= Source information =
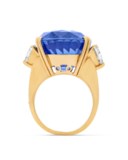 SAPPHIRE AND DIAMOND RING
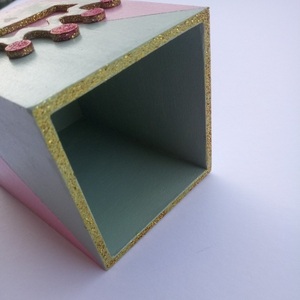 Μολυβοθήκη σε παστέλ χρώματα με τρίγωνα και κορώνα από ξύλο 8x8x11 εκ - κορίτσι, κορώνα, ξύλινα διακοσμητικά - 5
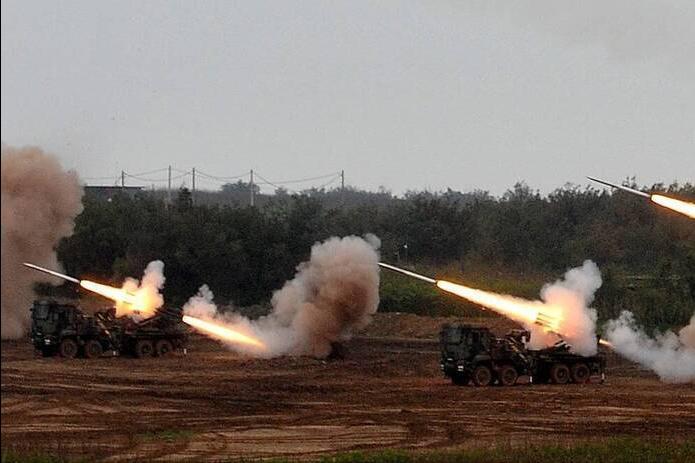 【台军吹嘘这款武器“威力太大、射程太远”，不方便向台海试射】驻扎在台岛南部的台陆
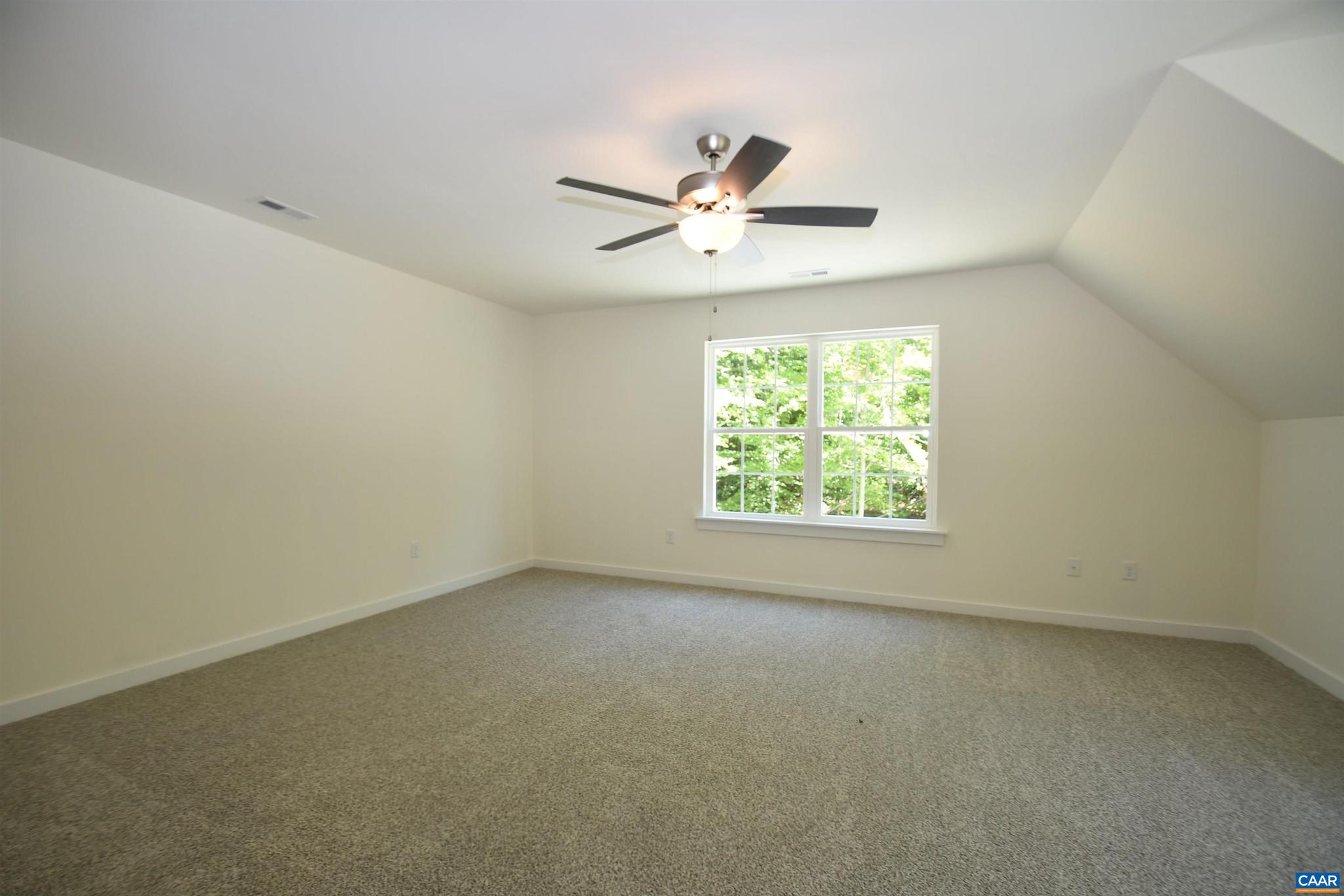 HUNTERS LAKE - Residential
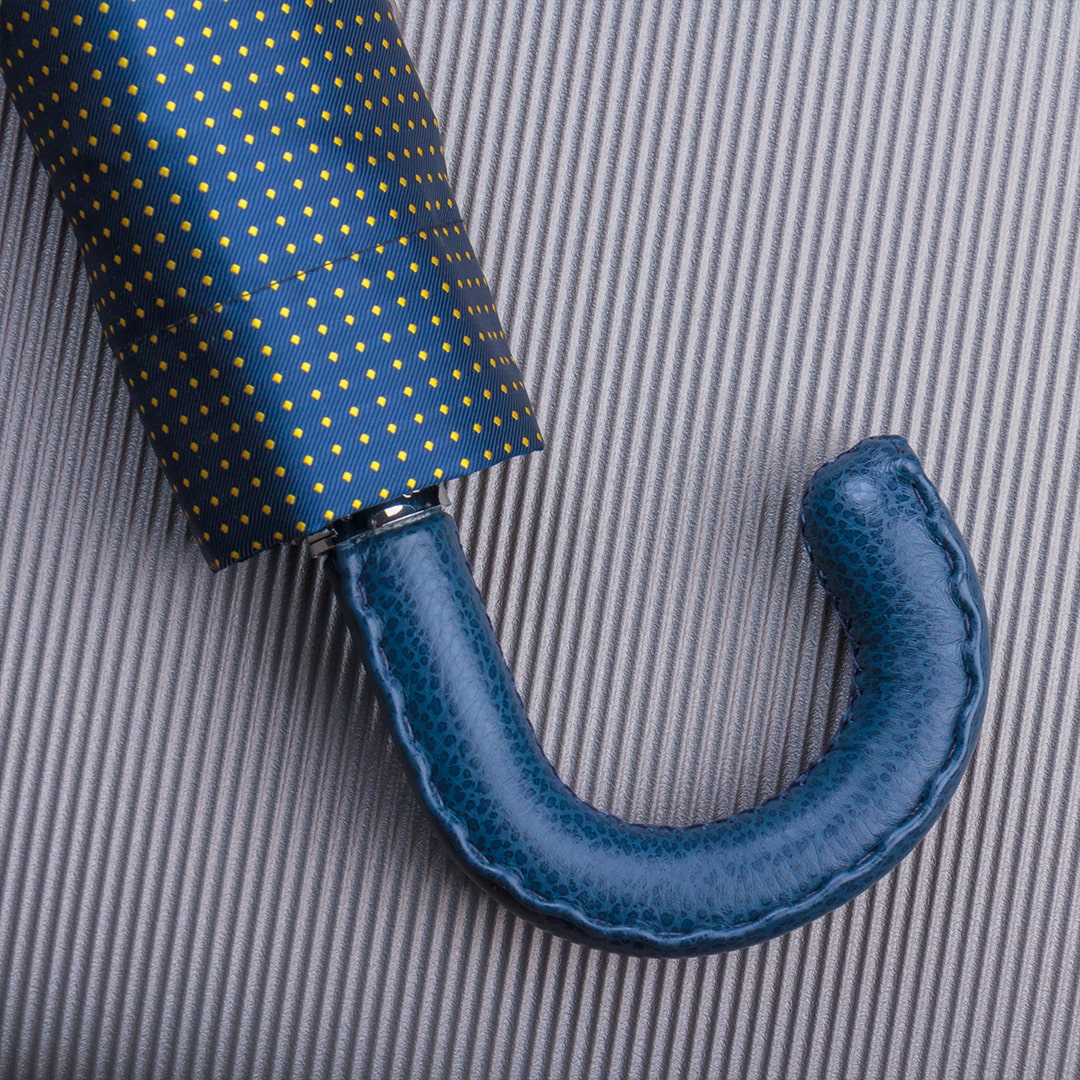 Зонт мужской складной темно-синий с кожаной ручкой Pasotti 64 PTO CN4 N36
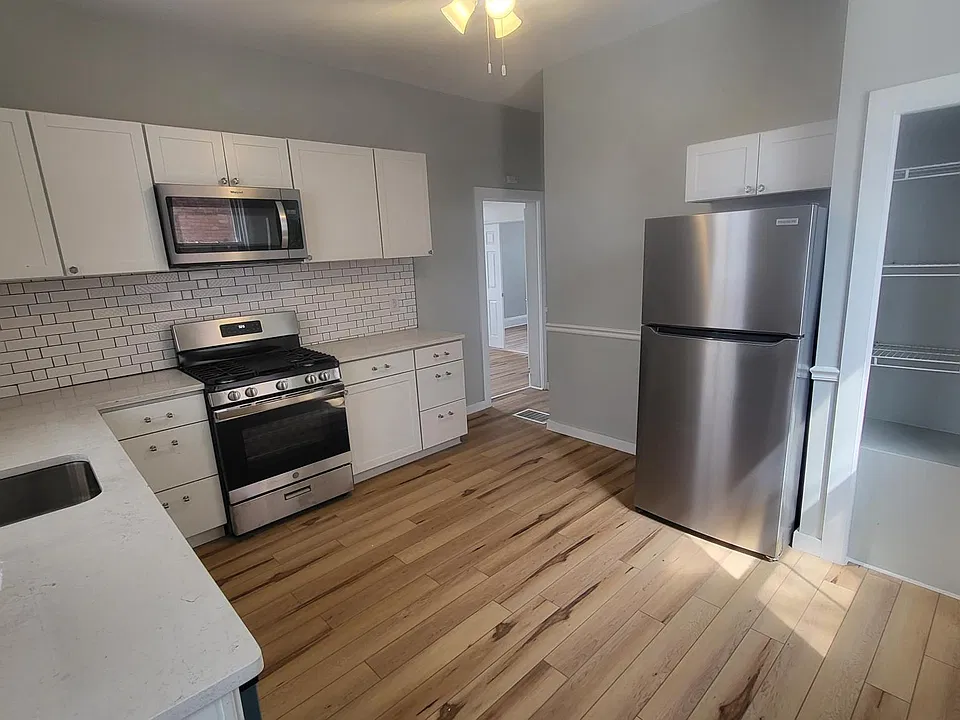 119 Cedar Ave #1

= What you should do =
Reproduce the entries above without change, omitting all pictures.

= Task answer =
 SAPPHIRE AND DIAMOND RING
 Μολυβοθήκη σε παστέλ χρώματα με τρίγωνα και κορώνα από ξύλο 8x8x11 εκ - κορίτσι, κορώνα, ξύλινα διακοσμητικά - 5
 【台军吹嘘这款武器“威力太大、射程太远”，不方便向台海试射】驻扎在台岛南部的台陆
 HUNTERS LAKE - Residential
 Зонт мужской складной темно-синий с кожаной ручкой Pasotti 64 PTO CN4 N36
 119 Cedar Ave #1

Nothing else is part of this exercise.